One of his songs, Amhrán Feise Mhuigheo, has been adapted by Scoil Acla as Teanga Bhinn ár Máthar, and has been translated into Scottish Gaelic and recorded by the well-known traditional singer, Kathleen MacInnes. The air for Teanga Bhinn ár Máthar was composed by John ‘Twin’ McNamara of Achill, mainly to the words of Ó Maoildhia’s Amhrán Feise Mhuigheo, with a few changes. It features in this video from the 2016 Achill Harp Festival which credits Ó Maoildhia in the video info.
Extract translated from Dánta agus Amhráin (Oifig an tSoláthair, 1940)
Séamus Ó Maoildhia, Cluain Bua
An account of the Author
It was in Cloonboo, in Annaghdown Parish, Co. Galway, that Séamus Ó Maoildhia was born in September 1881. His father was a poor farmer and had eight other children to rear on the produce of his small piece of land. He was therefore not able to do anything for Séamus; that is, to send him to College or otherwise. He spent only four years at school, but he had an extraordinary mind.
He had a huge respect for Irish and worked hard for its promotion from once he was able to read and write. He went to Ballaghaderreen teaching for Conradh na Gaeilge before he was 20 years old. He spend about four years teaching in Mayo, Sligo, and Leitrim. He was known at every feis and aeraíocht in Connaught, as well as the Oireachtas. It’s many the prize he won for his essays, poems, and orations. It was during this time that he composed most of the poems in this book (Dánta agus Amhráin). He won a gold medal for one of them at the Connaught Feis.

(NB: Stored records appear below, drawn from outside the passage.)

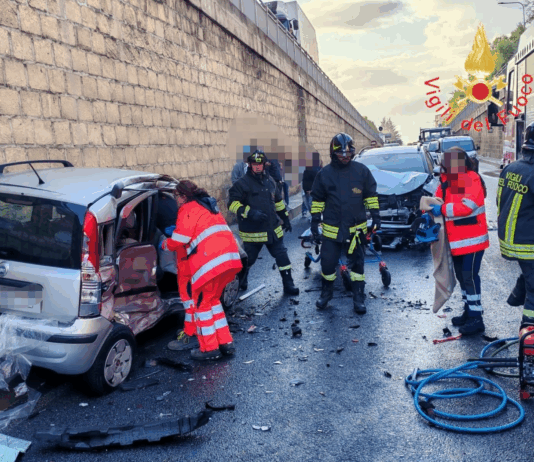 Scontro tra due auto – gravemente ferito un uomo: in salvo mamma e due bambini Vigili del Fuoco - Incidente Stradale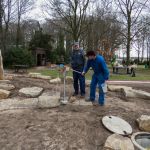 Firmanden helfen auf Spielplatz in Barlo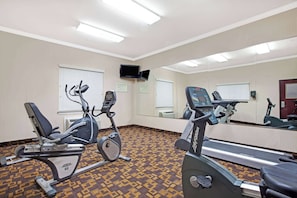 Fitness facility - Super 8 by Wyndham IAH West/Greenspoint (Houston)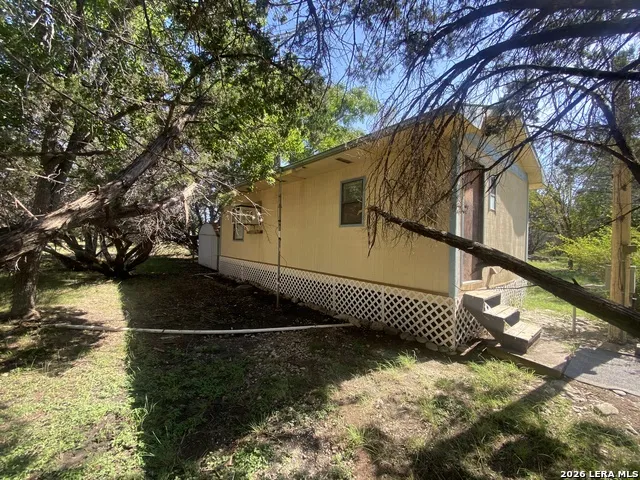 39 JIM DALRYMPLE DR Leakey, TX 78873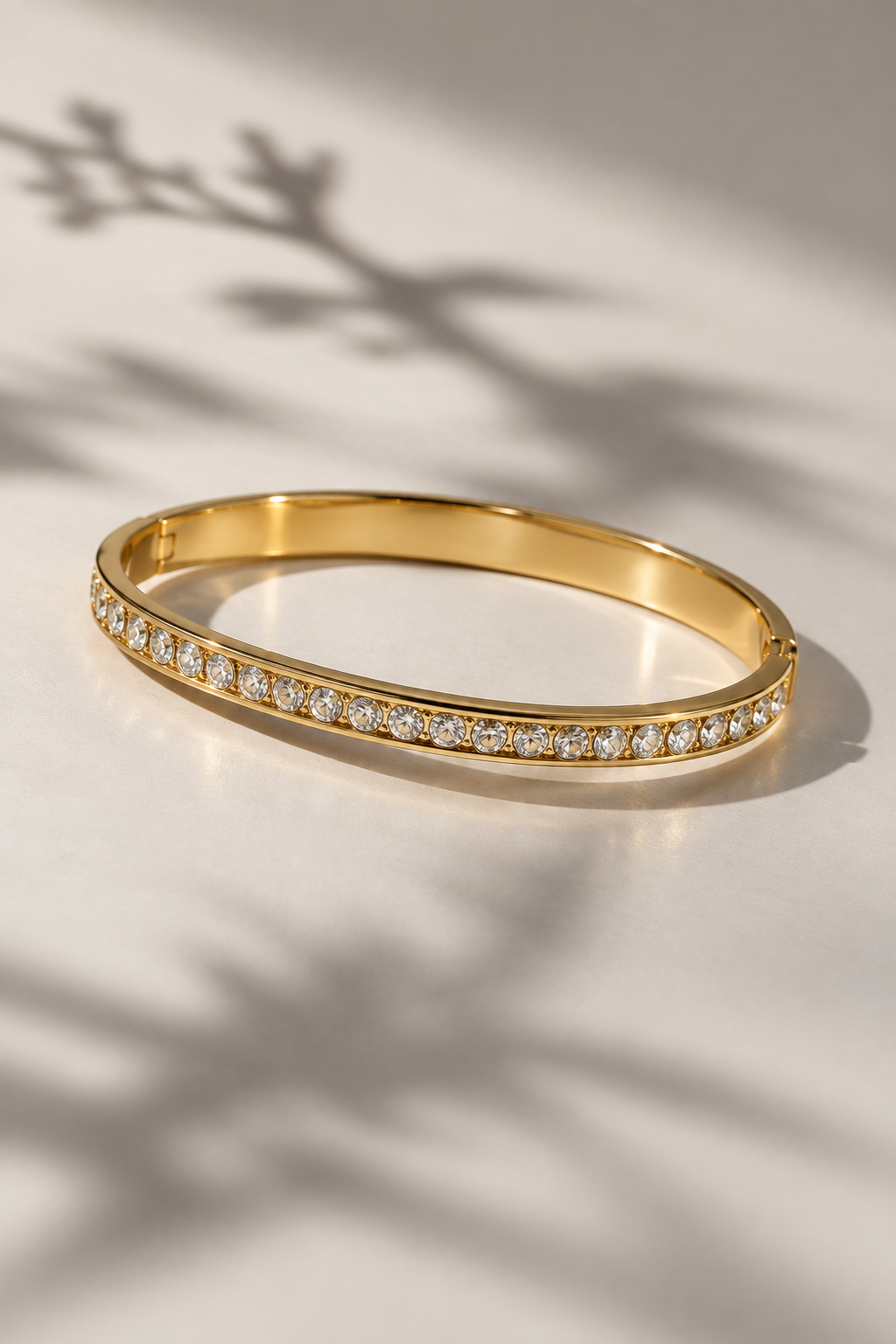 Clear Stone Line Kada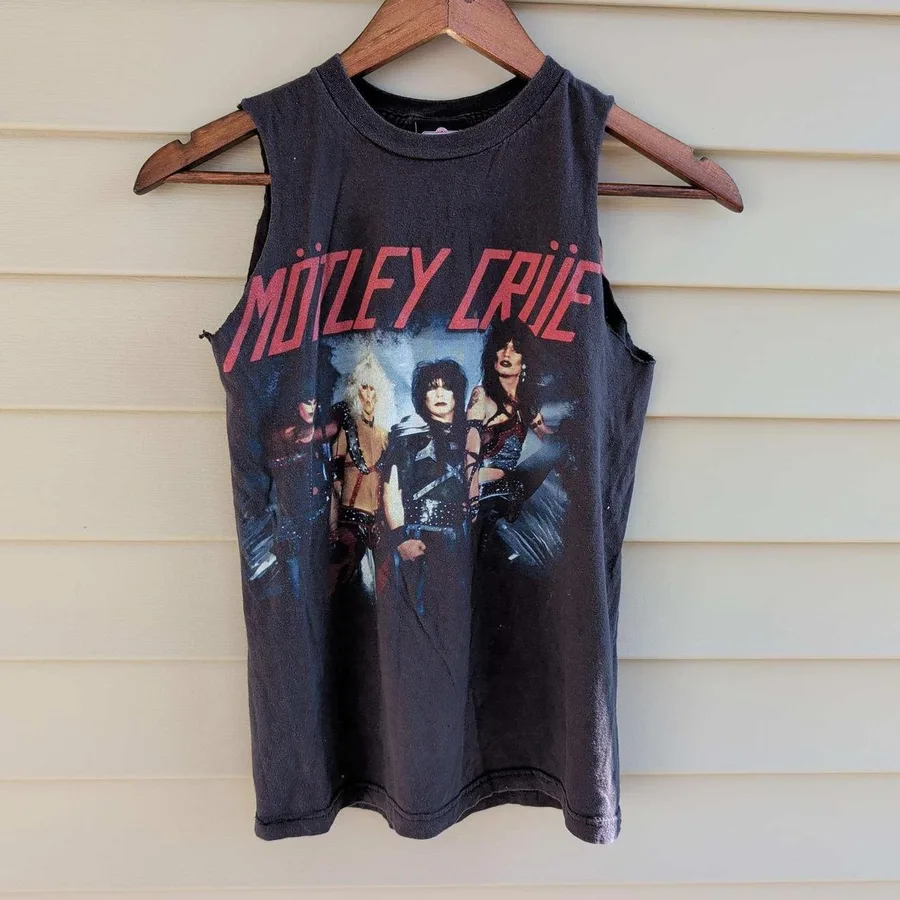 Motley Crue Muscle Tee Youth M Black Shout at the Devil 1983-84 Tour Graphic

He was unequalled in the skill of oration. His Irish grammar was impeccable and he had fluent Irish conversation at his fingertips. An Craoibhín [Douglas Hyde] said he was one of the most fluent speakers in Ireland.
He collected many stories and songs from the oral tradition of the old people, and he sent them to An Craoibhín when he began the Gaelic Revival. He was selected as an inspector for the Land Commission over thirty years ago and he worked hard on behalf of farmers for twenty years. There wasn’t a parish around the West of Ireland or County Clare that he wasn’t known in. He lost this position after the General Election of 1918 and didn’t succeed in gaining any paid employment after that. When summer courses were started for teachers, he was appointed as a teacher and he did good work there for the Irish language.
Readers of the newspapers should remember the pieces written by “An Connachtach Béal-Bhinn” [the Sweet-Tongued Connaughtman] or “Sean-Ghaeilgeoir” [old Irish speaker]. In particular, he wrote for the Connacht Tribune for twenty years.
Alas! Séamus is gone now for ten years. He died in Cloonboo on 22 June 1928. God grant him the light of Heaven. I am grateful to Fr S.S. MacSíocháin, S.J., Galway, who helped me in putting this book together, and to Conradh na Gaeilge, who gave permission for reprinting the two songs (12, 13), which were first published in An Claidheamh Soluis.
Síghle Ní Mhaoildhia (sister), 1940.